Image-caption web data
* * * * * * *

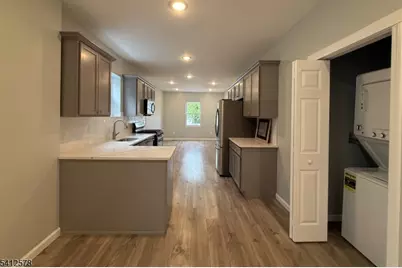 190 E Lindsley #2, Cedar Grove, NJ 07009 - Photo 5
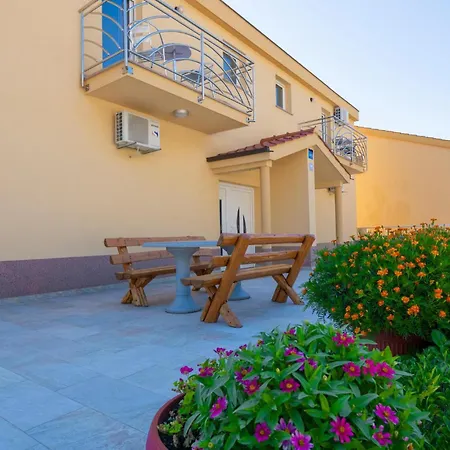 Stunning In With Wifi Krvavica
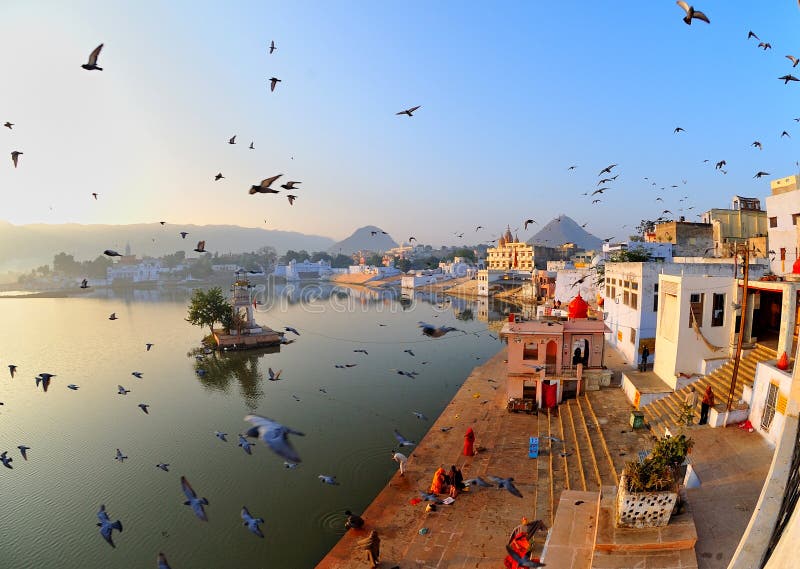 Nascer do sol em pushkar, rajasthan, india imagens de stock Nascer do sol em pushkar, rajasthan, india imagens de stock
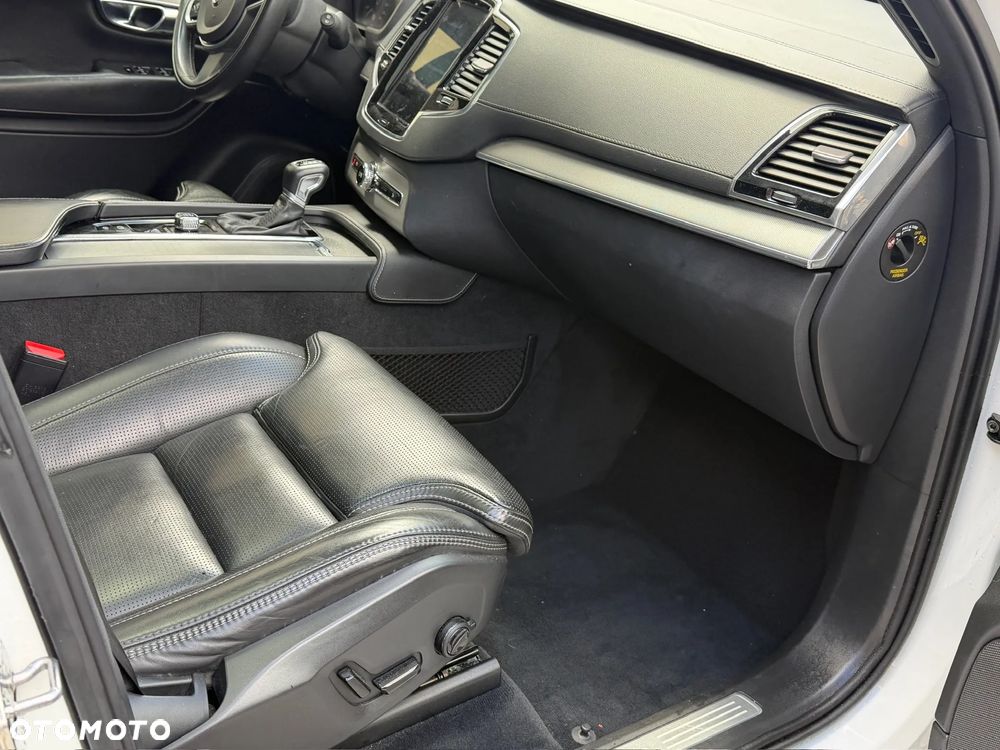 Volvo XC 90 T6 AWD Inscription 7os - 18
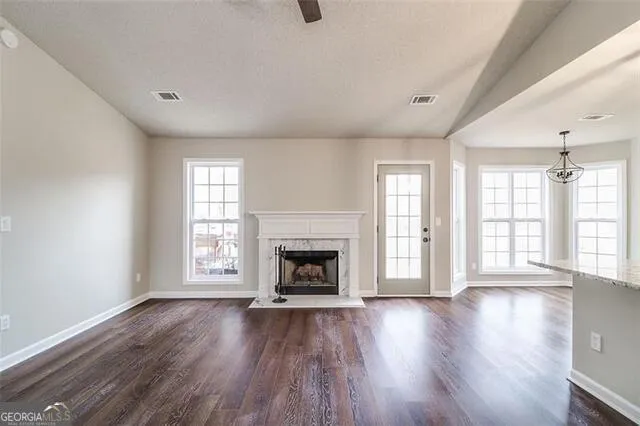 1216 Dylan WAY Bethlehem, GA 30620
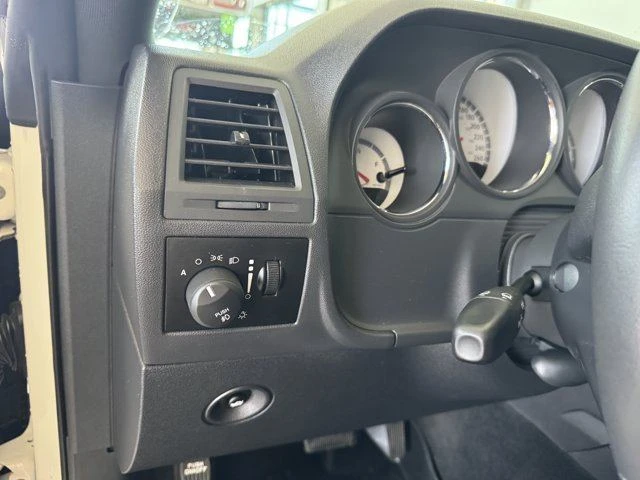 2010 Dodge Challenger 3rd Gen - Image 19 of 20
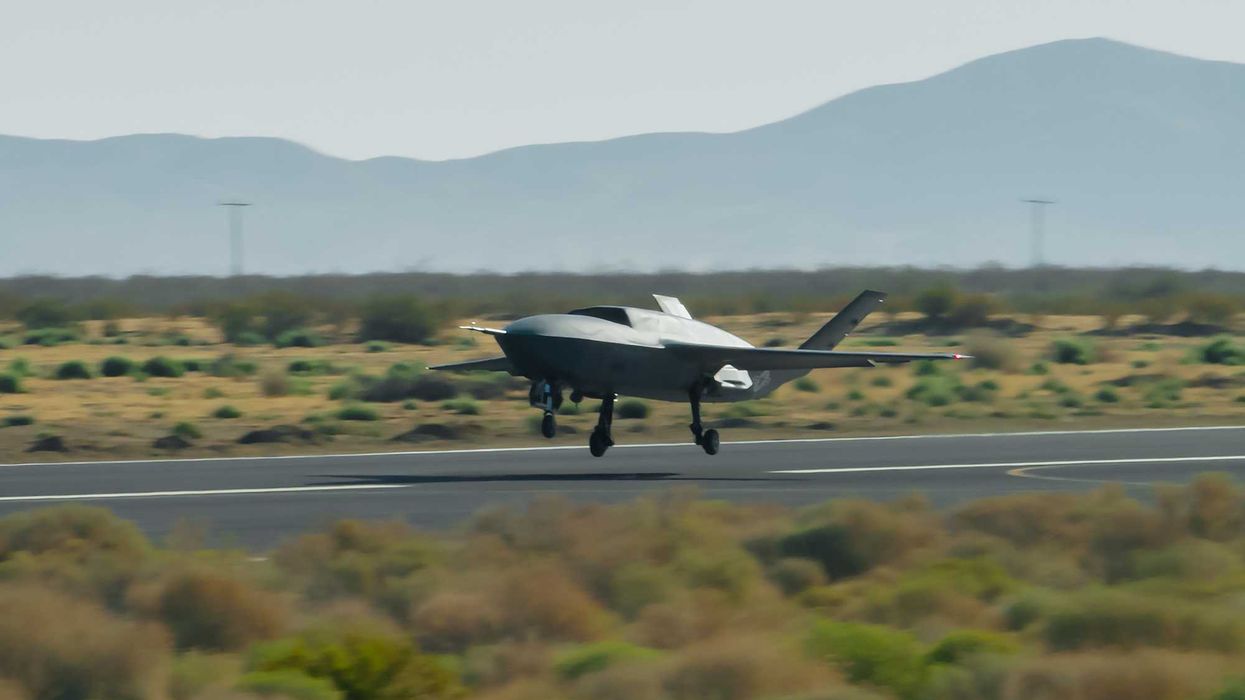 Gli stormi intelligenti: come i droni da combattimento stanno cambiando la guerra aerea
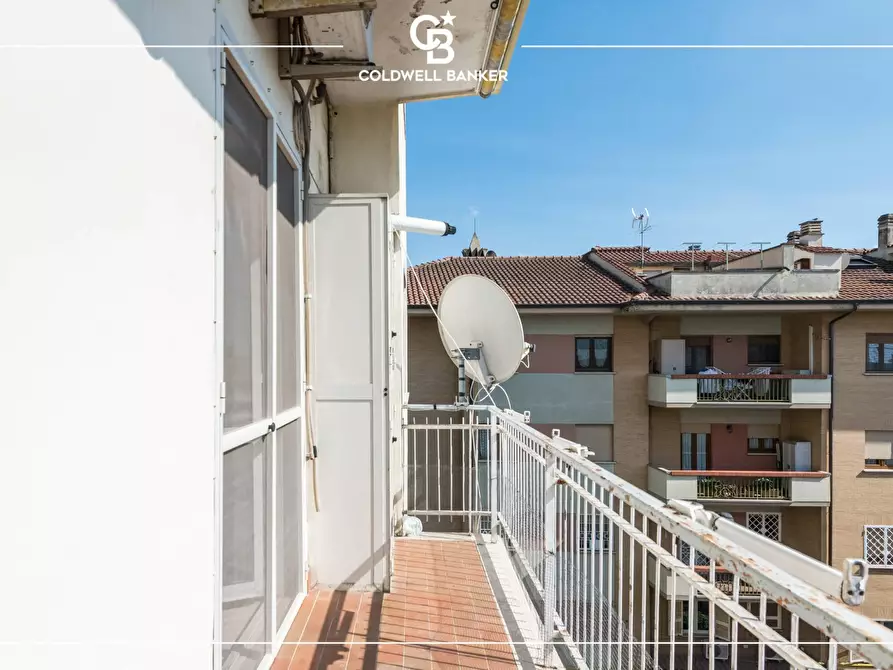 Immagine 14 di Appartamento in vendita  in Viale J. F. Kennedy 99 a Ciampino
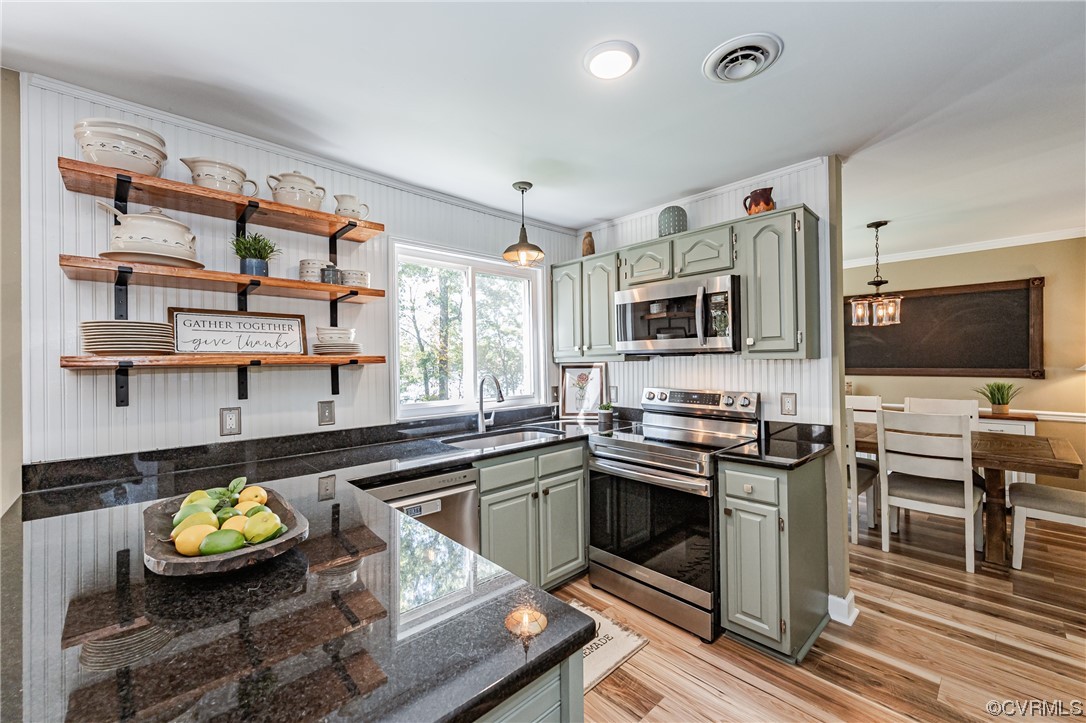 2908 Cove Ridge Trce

* * * * * * *

To do
Apart from the images, every line above needs to be printed again exactly.

Solved exercise
 190 E Lindsley #2, Cedar Grove, NJ 07009 - Photo 5
 Stunning In With Wifi Krvavica
 Nascer do sol em pushkar, rajasthan, india imagens de stock Nascer do sol em pushkar, rajasthan, india imagens de stock
 Volvo XC 90 T6 AWD Inscription 7os - 18
 1216 Dylan WAY Bethlehem, GA 30620
 2010 Dodge Challenger 3rd Gen - Image 19 of 20
 Gli stormi intelligenti: come i droni da combattimento stanno cambiando la guerra aerea
 Immagine 14 di Appartamento in vendita  in Viale J. F. Kennedy 99 a Ciampino
 2908 Cove Ridge Trce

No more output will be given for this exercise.